The Rise of Multi-Agent Systems
We are moving beyond the single-prompt paradigm. The next frontier of AI engineering isn't about better prompts—it's about orchestration. Here is how AutoGen and LangGraph are reshaping the landscape.
For the last year, most "AI Apps" have been thin wrappers around a single LLM call. User sends input, app templates it, sends to OpenAI, and returns the result. But as we attempt more complex tasks—writing entire codebases, conducting market research, or navigating complex UI—the single-context window becomes a bottleneck.
The Collaboration Pattern
Multi-agent systems solve this by breaking distinct responsibilities into separate "personas" or agents. One agent might be the Coder, another the Reviewer, and a third the UserProxy that executes code.
In our internal benchmarks, splitting a data analysis task between a python-writing agent and a critiquing agent reduced hallucinations by 40% compared to a zero-shot chain-of-thought prompt.

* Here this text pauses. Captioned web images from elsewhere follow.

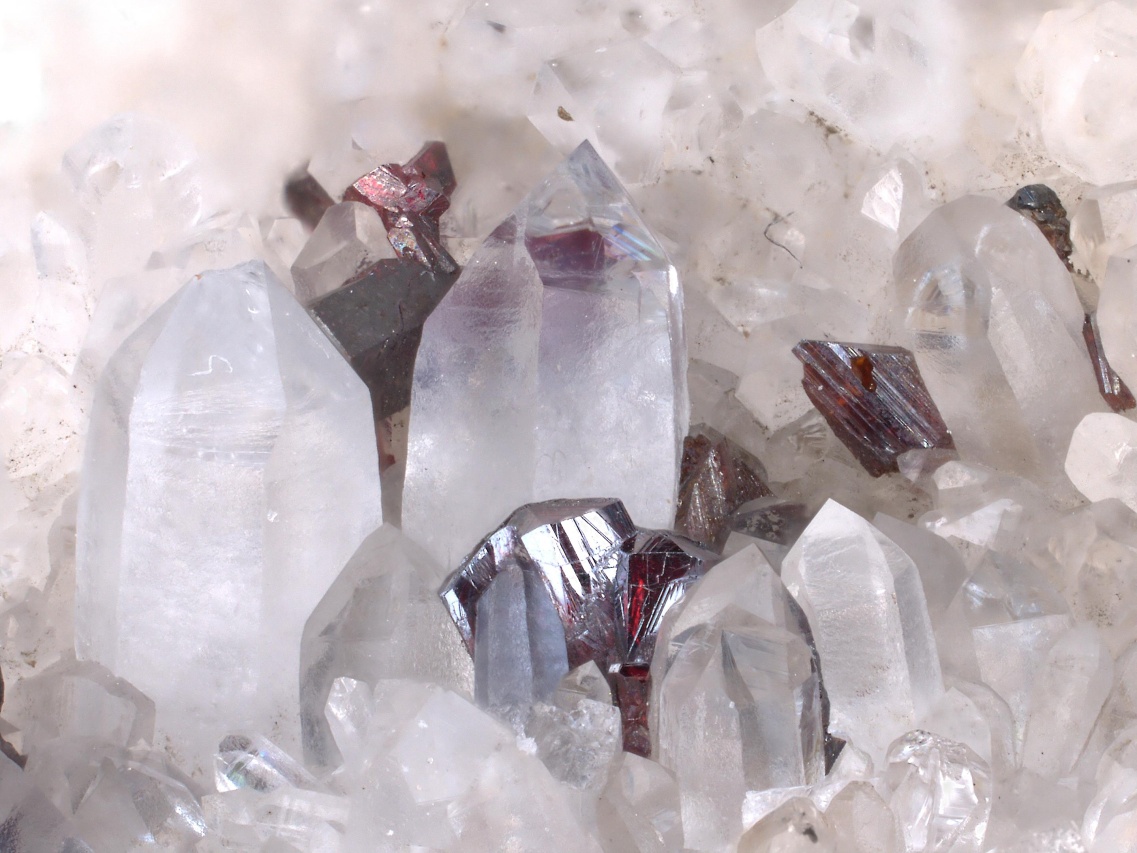 Xanthocon, Proustit, Polybasit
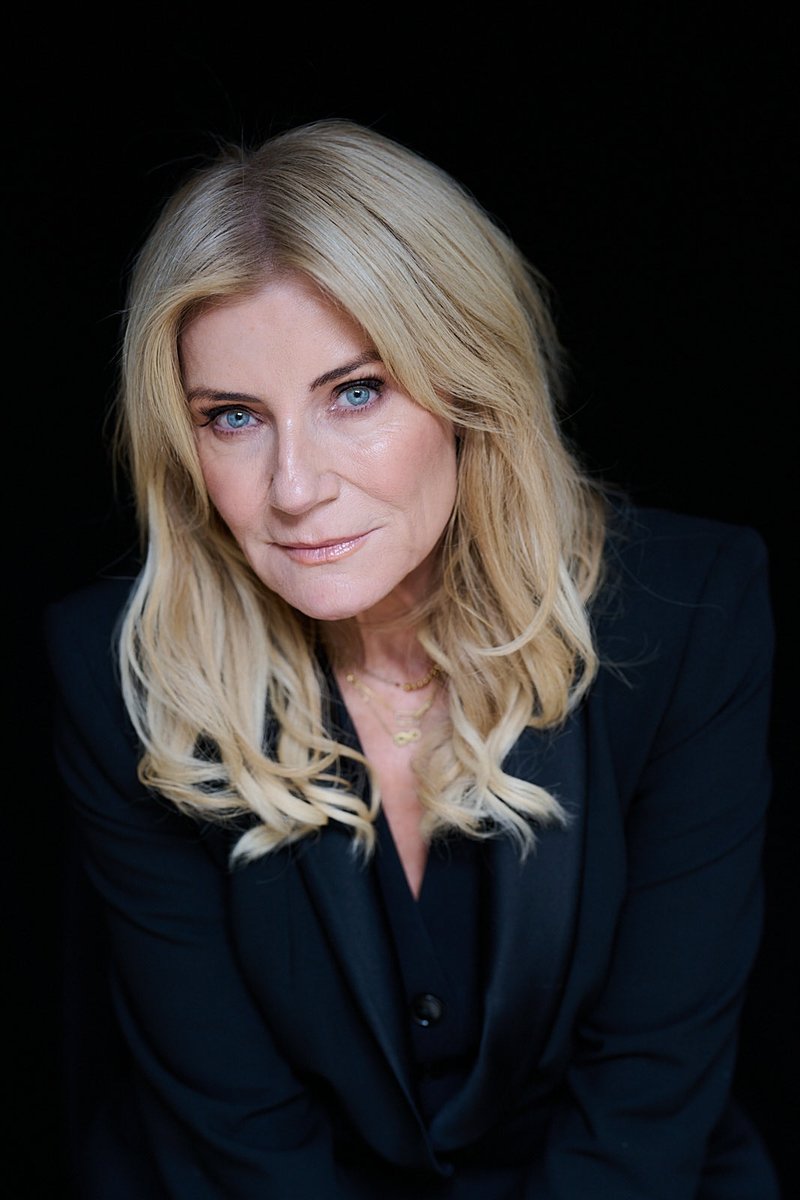 Michelle Collins tweet media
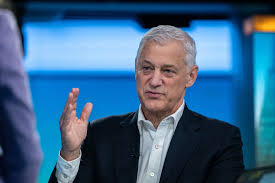 StanChart Fields Regulator Queries After CEO’s ‘Lower-Value Human Capital’ Remark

When orchestrating multiple agents, vary the temperature. Keep your Executor agent low (0.1-0.2) for syntactic precision, but allow your Ideation or Critic agents higher variance (0.7) to generate creative solutions or edge-case tests.
Implementation Details
Using LangGraph, we can define the state schema as a simple dictionary. This allows us to persist the memory of the conversation between the graph nodes explicitly.
class AgentState(TypedDict):
messages: Annotated[Sequence[BaseMessage], operator.add]
next_step: str
# Define the graph
workflow = StateGraph(AgentState)
workflow.add_node("researcher", research_agent)
workflow.add_node("coder", coding_agent)
workflow.set_entry_point("researcher")The key takeaway is that state management becomes the new prompt engineering. Defining how information flows between context windows is where the complexity—and value—now lies.